5- 26 % de « psychothérapies » de moins de 6 mois, et 24 % de 6 mois à un an, soit 50 % de moins d’un an.
6- 26 % déclarent payer moins de 200 F par séance, et 47 % de 200 à 300 F.
7- Voici les chiffres moyens de trois enquêtes nationales américaines (1954, 1976,1995) : sont, ou ont été, suivis en thérapie par un psychologue ou un psychiatre : 8 % de la population générale ; par un travailleur social : 6 % ; par un conseiller conjugal : 4 % ; par le médecin de famille : 5 %, soit un total supérieur à 20 % — une proportion quatre fois supérieure à la France ! Encore, faudrait-il y ajouter les 6 à 10 % d’Américains se disant accompagnés « en psychothérapie » par un membre du clergé.

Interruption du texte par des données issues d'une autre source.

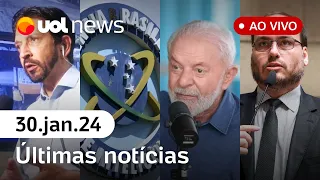 🔴 Carlos Bolsonaro depõe em menos de uma hora à PF; Lula fala de Bolsonaro, ácido em Joinville e+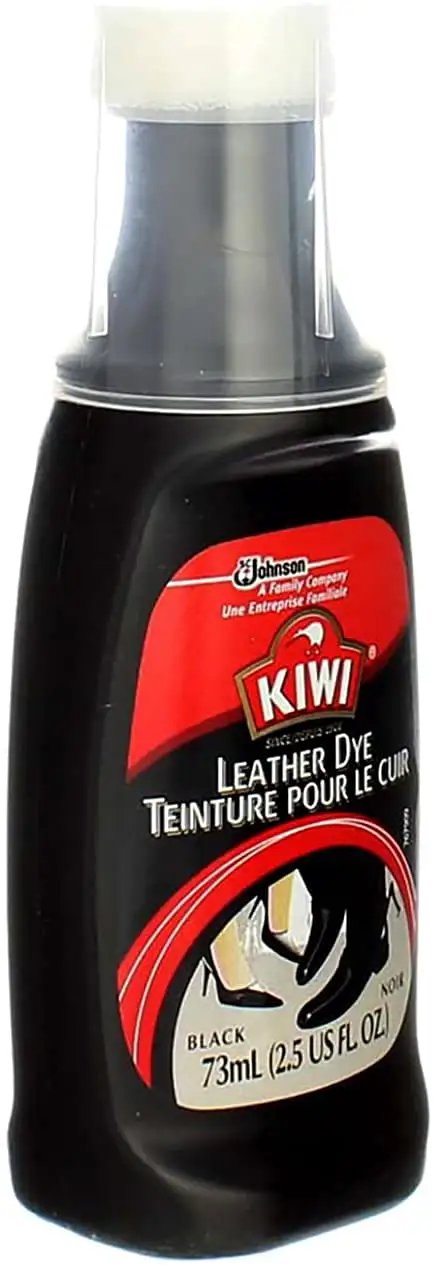 Leather Dye Restorer in Black For Shoes Boots Furniture Jackets Briefcases And More With Sponge Applicator Water Resistant Finish
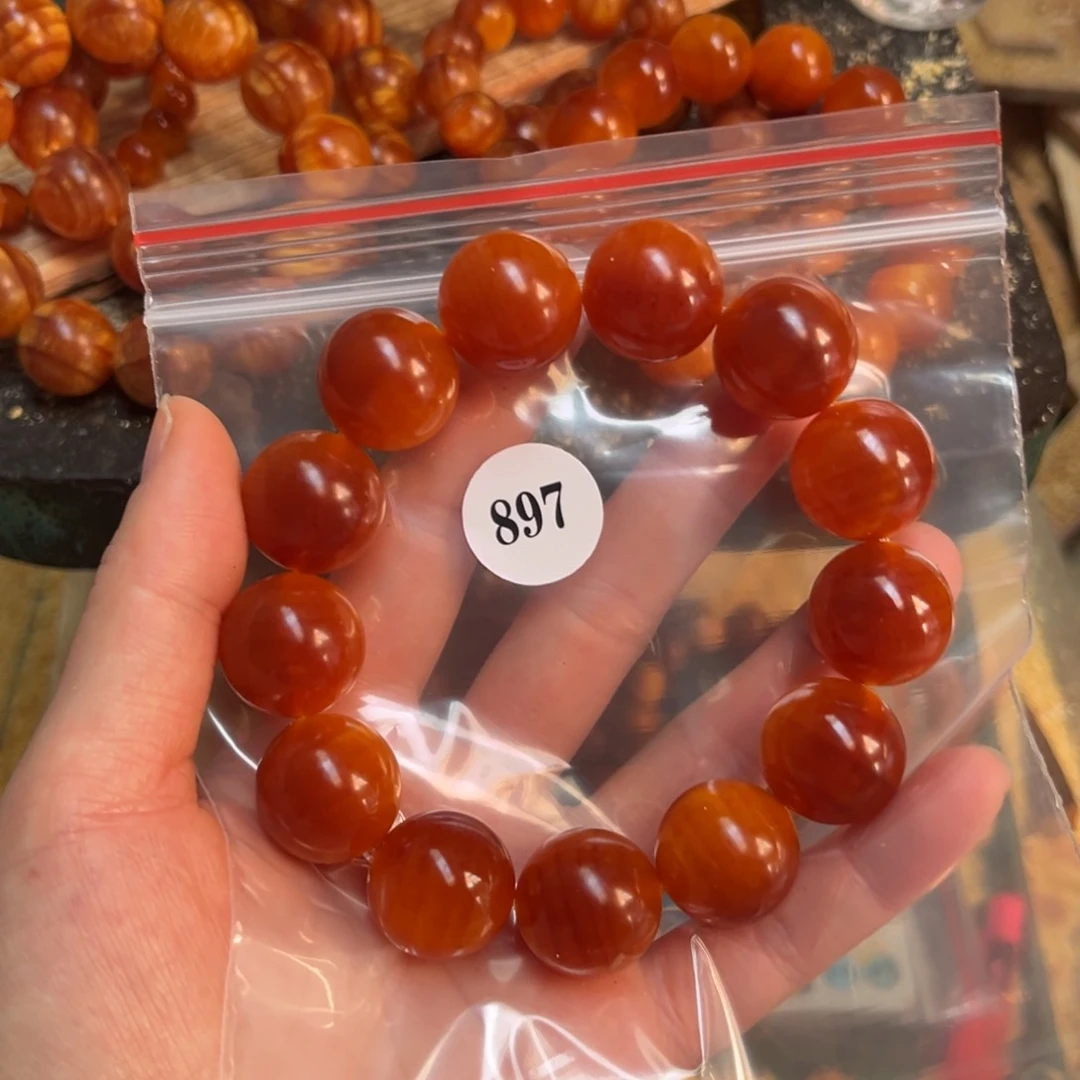 松木（琥珀木）手串/手链娱***鱼897号1.9包浆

8- Contrairement à plusieurs pays européens, la France n’offre pas pour le moment de formation universitaire à la psychothérapie. Cette spécialité ne fait pas explicitement partie de la formation de base ni des psychiatres, ni des psychologues, et ceux d’entre eux qui désirent exercer comme psychothérapeutes complètent — pour la plupart — leur formation, à titre personnel, dans des instituts privés.